> **Source data**
********************

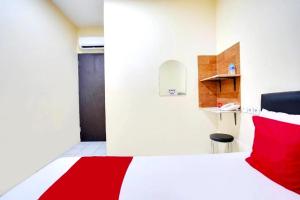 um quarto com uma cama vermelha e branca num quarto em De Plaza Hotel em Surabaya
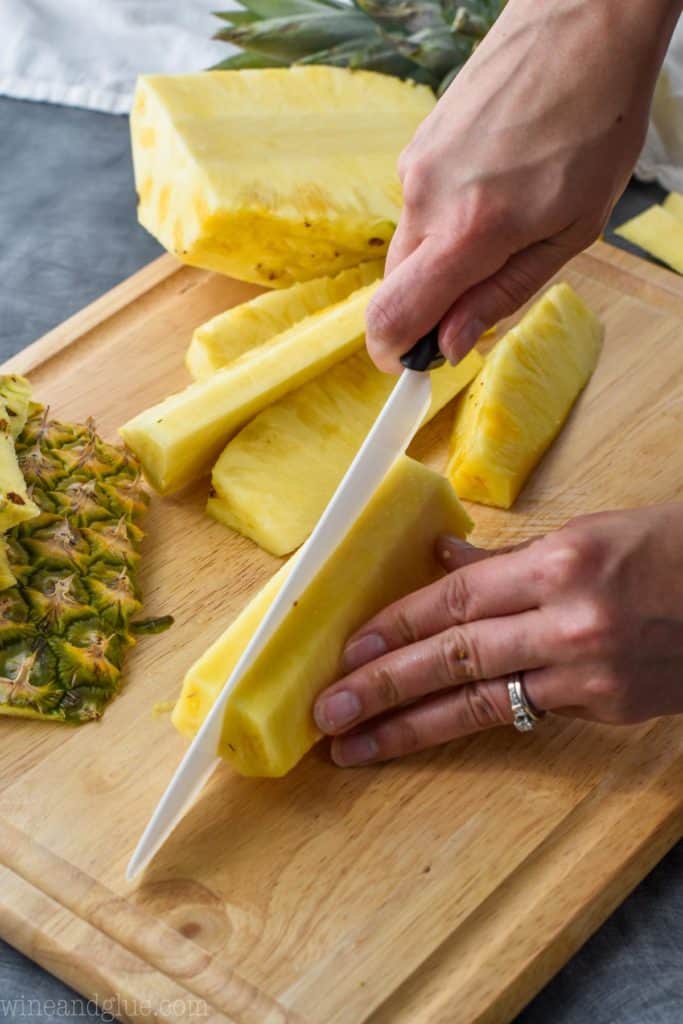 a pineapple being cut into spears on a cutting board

********************

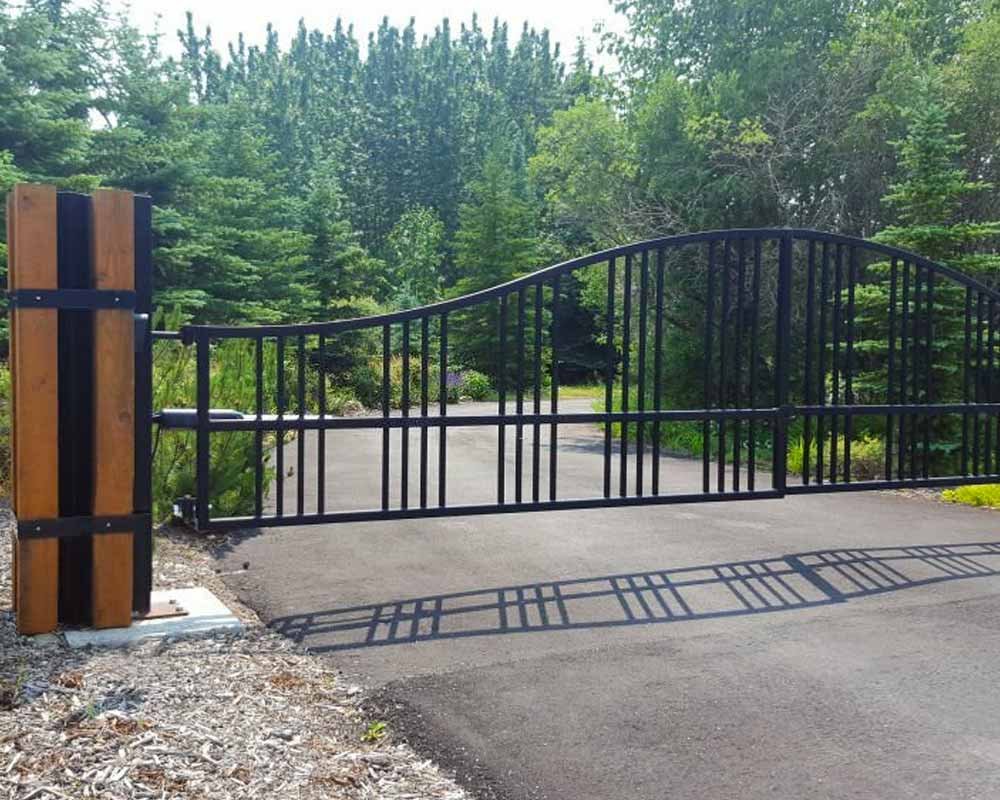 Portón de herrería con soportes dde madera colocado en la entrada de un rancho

********************

> **Directions for this task**
Could the stretch from the line with "um quarto com" through the line with "a pineapple being" in the listing above be restated word for word, minus the pictures?

> **Answer space**
 um quarto com uma cama vermelha e branca num quarto em De Plaza Hotel em Surabaya
 a pineapple being cut into spears on a cutting board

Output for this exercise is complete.